> TASK:
Set down, exactly as they stand, the lines from the one containing "ballade velo anglet" through the last line of the records below, leaving every picture out.

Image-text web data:
───
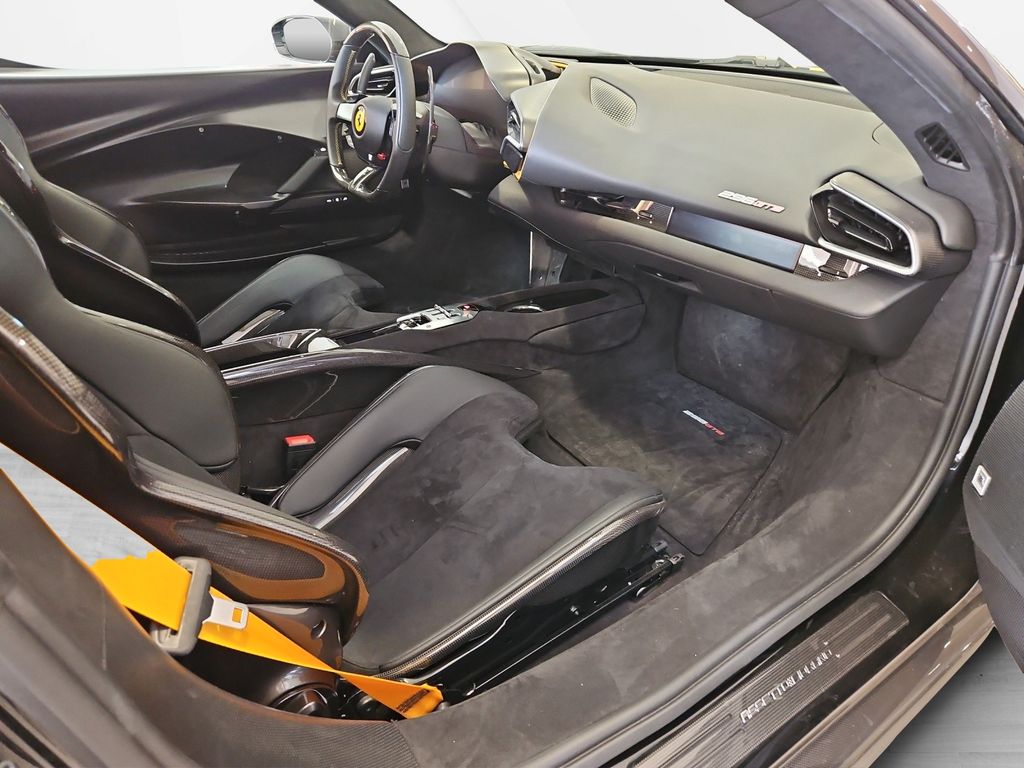 Ferrari 296 GTB 2022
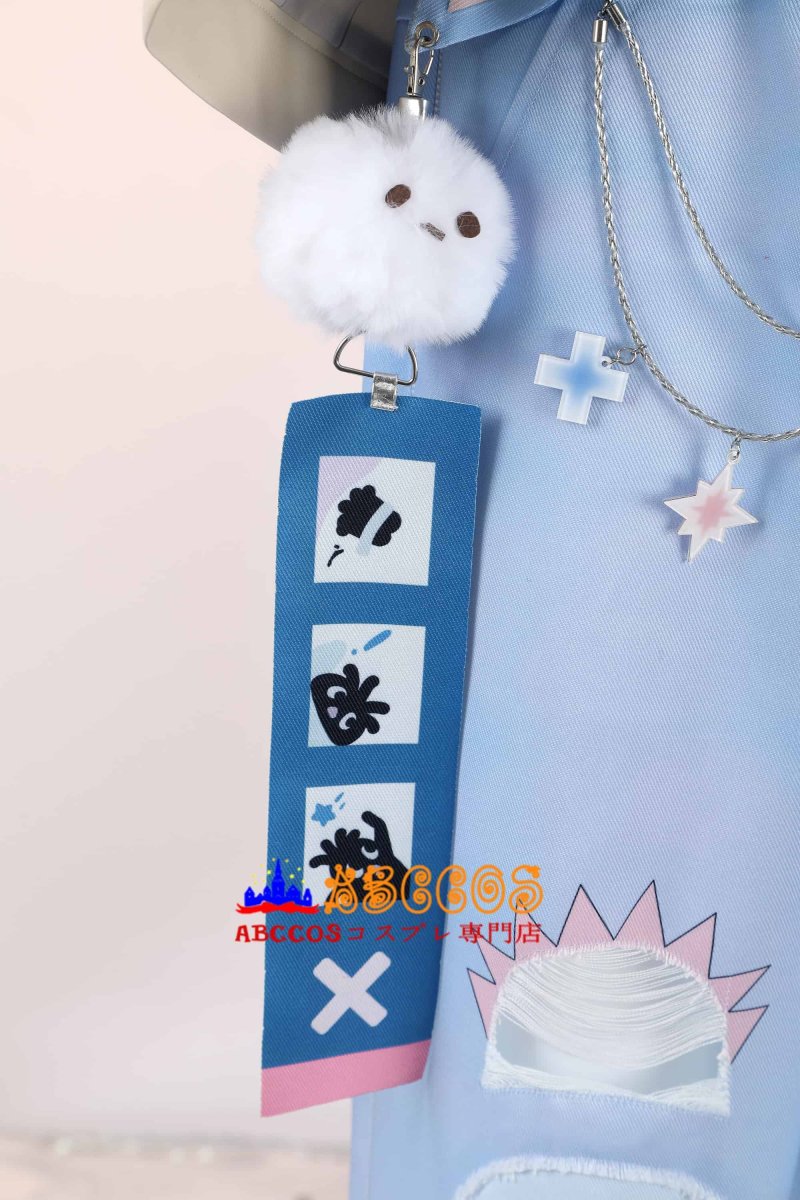 画像11: NU: カーニバル Nu: Carnival ブレイド Blade コスプレ衣装 abccos製 「受注生産」 (11)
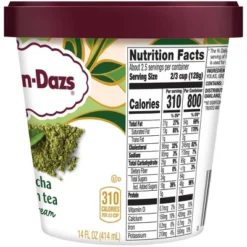 Haagen Dazs Matcha Green Tea Ice Cream - 14 Fl Oz -Grocery Sales GUEST 28f511a2 69f0 4350 ab5a 54fb30667c62
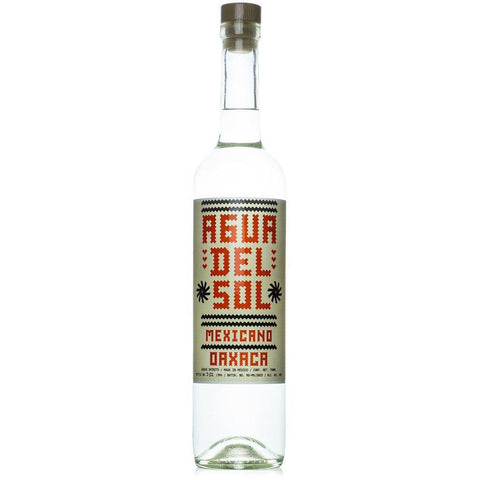 Agua Del Sol Mexicano Mezcal 750ML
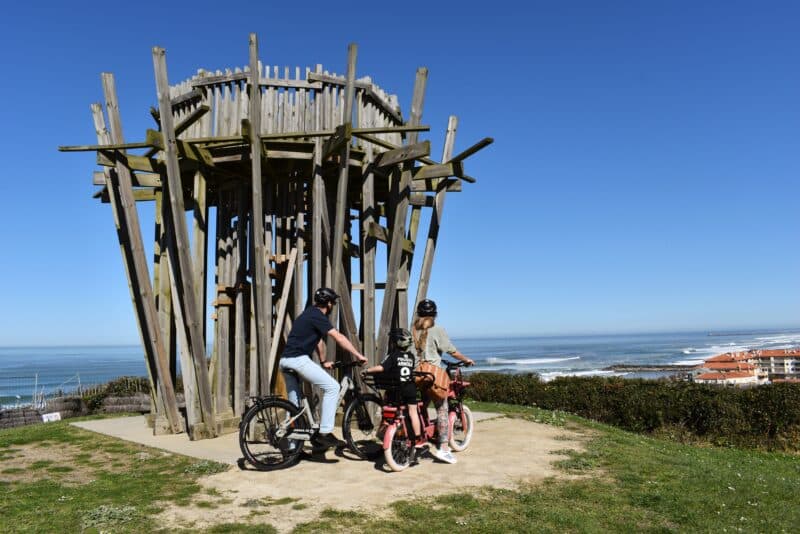 ballade velo anglet incentive pays basque agence evenementielle erronda
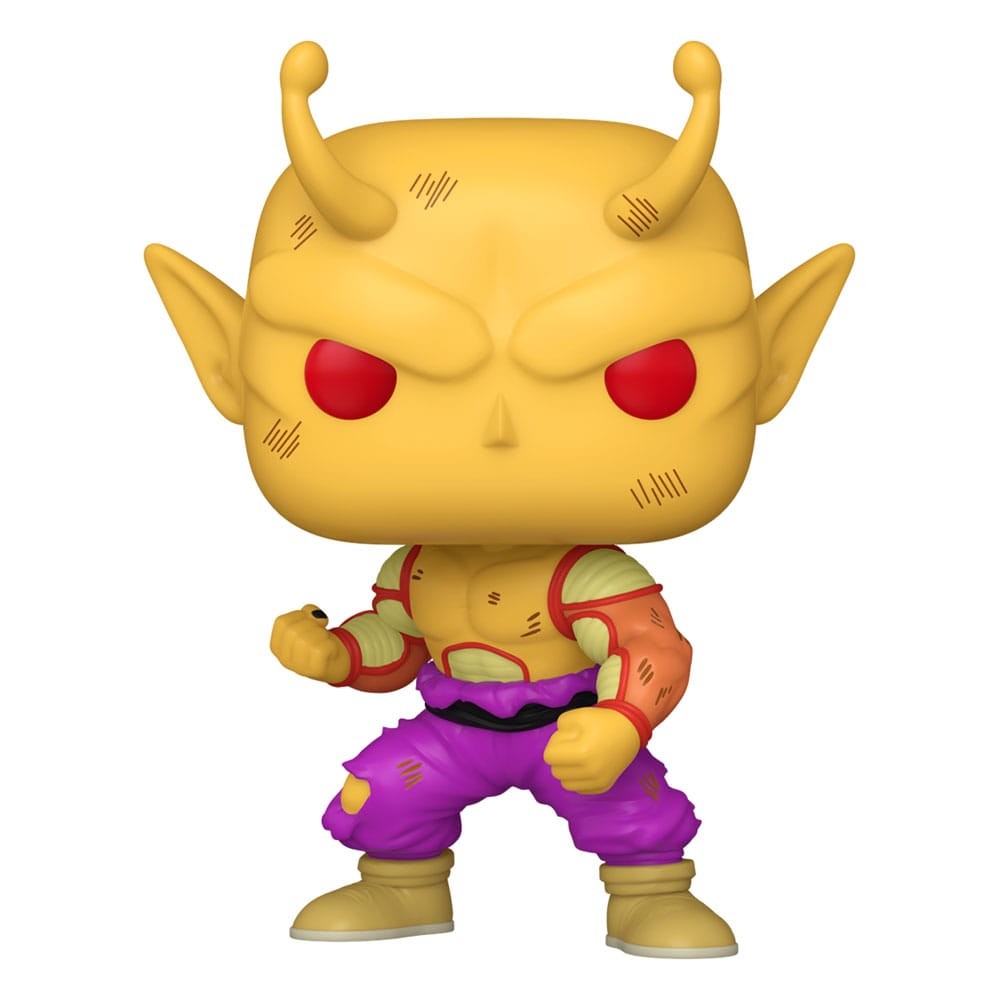 Funko Pop Dragon Ball Super Orange Piccolo #1704 1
───
> FINISHED EXERCISE:
 ballade velo anglet incentive pays basque agence evenementielle erronda
 Funko Pop Dragon Ball Super Orange Piccolo #1704 1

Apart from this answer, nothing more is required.